The common understanding of Probability of an event is that it is the ratio of the favorable outcomes of the event to the total possible outcomes for the concerned experiment. (in the example of housing prices of a housing dataset, the event refers to getting a house having the price less than x, and the experiment refers to the random picking of a house from a sample).
Let's take a little deeper look at the above definition. The above definition of probability is defined over some underlying assumptions on the experiment, or the process of that experiment (like all houses are equally likely to be picked, all neighborhoods' houses are equally likely to be picked, etc.) that are known as the parameters of that experiment, \(\theta\).

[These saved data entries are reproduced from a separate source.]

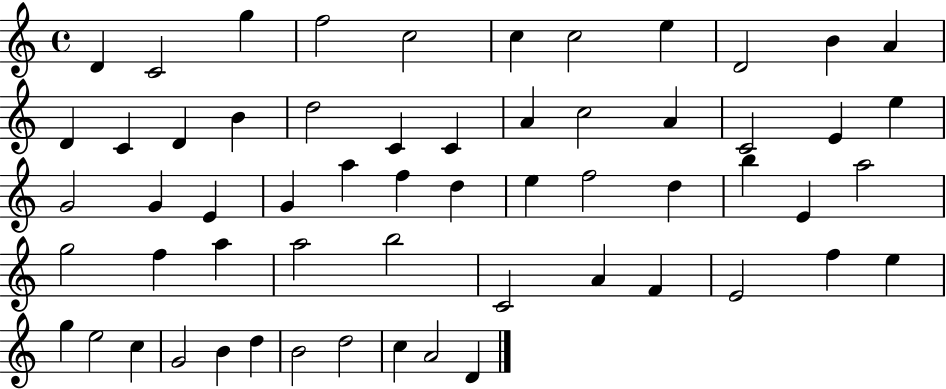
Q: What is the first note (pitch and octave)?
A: D4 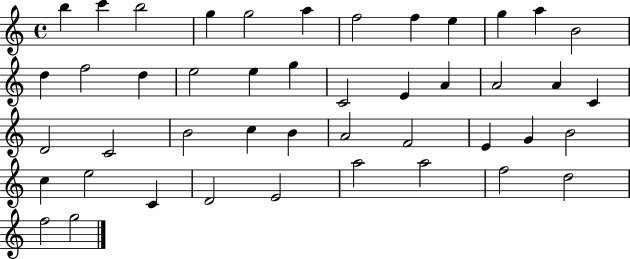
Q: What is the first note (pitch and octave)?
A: B5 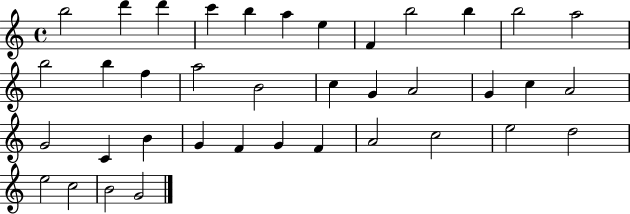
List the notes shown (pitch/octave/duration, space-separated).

B5/h D6/q D6/q C6/q B5/q A5/q E5/q F4/q B5/h B5/q B5/h A5/h B5/h B5/q F5/q A5/h B4/h C5/q G4/q A4/h G4/q C5/q A4/h G4/h C4/q B4/q G4/q F4/q G4/q F4/q A4/h C5/h E5/h D5/h E5/h C5/h B4/h G4/h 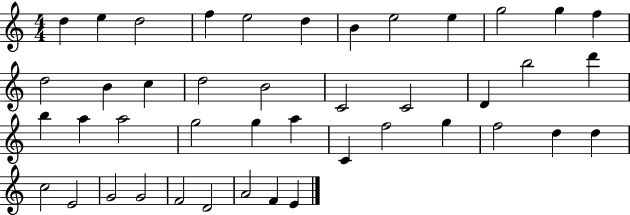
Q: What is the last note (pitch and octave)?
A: E4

When the parameters \(\theta\) of the experiment are fixed, it gives a specific probability density function or probability distribution (in the case of discrete variables) for the outcomes of an event. Given the probability density function, the probability of an event can be easily computed by finding the area under the curve for the concerned event as shown in the below image for house prices more than x.
This means that if a house is picked, the probability of its price being more than x is given by the area of the shaded region in the above image.

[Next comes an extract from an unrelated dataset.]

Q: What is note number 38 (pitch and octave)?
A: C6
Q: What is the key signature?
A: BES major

Given the parameters \(\theta\), the probability of an event is formally represented as:
P(price > x | mean = y and variance = z).
*Note: For the purpose of this example, I have assumed the houses price as a normal distribution with some mean and variance. The concept is valid for all distributions.
The mean and variance are the characteristics of the PDF (and define its position and shape respectively) and hence are written on the right-hand side of the 'pipe' symbol in the formal representation. *
Since the parameters \(\theta\) define the PDF, and changing the parameters can change the PDF, it can also be wirtten as:
P(price > x | \(\theta\)) or P(data | \(\theta\))
This implies that given the fixed process parameters, the probability of an event or a value will change on changing the event. For example, P(price > 100k | \(\theta\)) will be different from P(price > 80k | \(\theta\)).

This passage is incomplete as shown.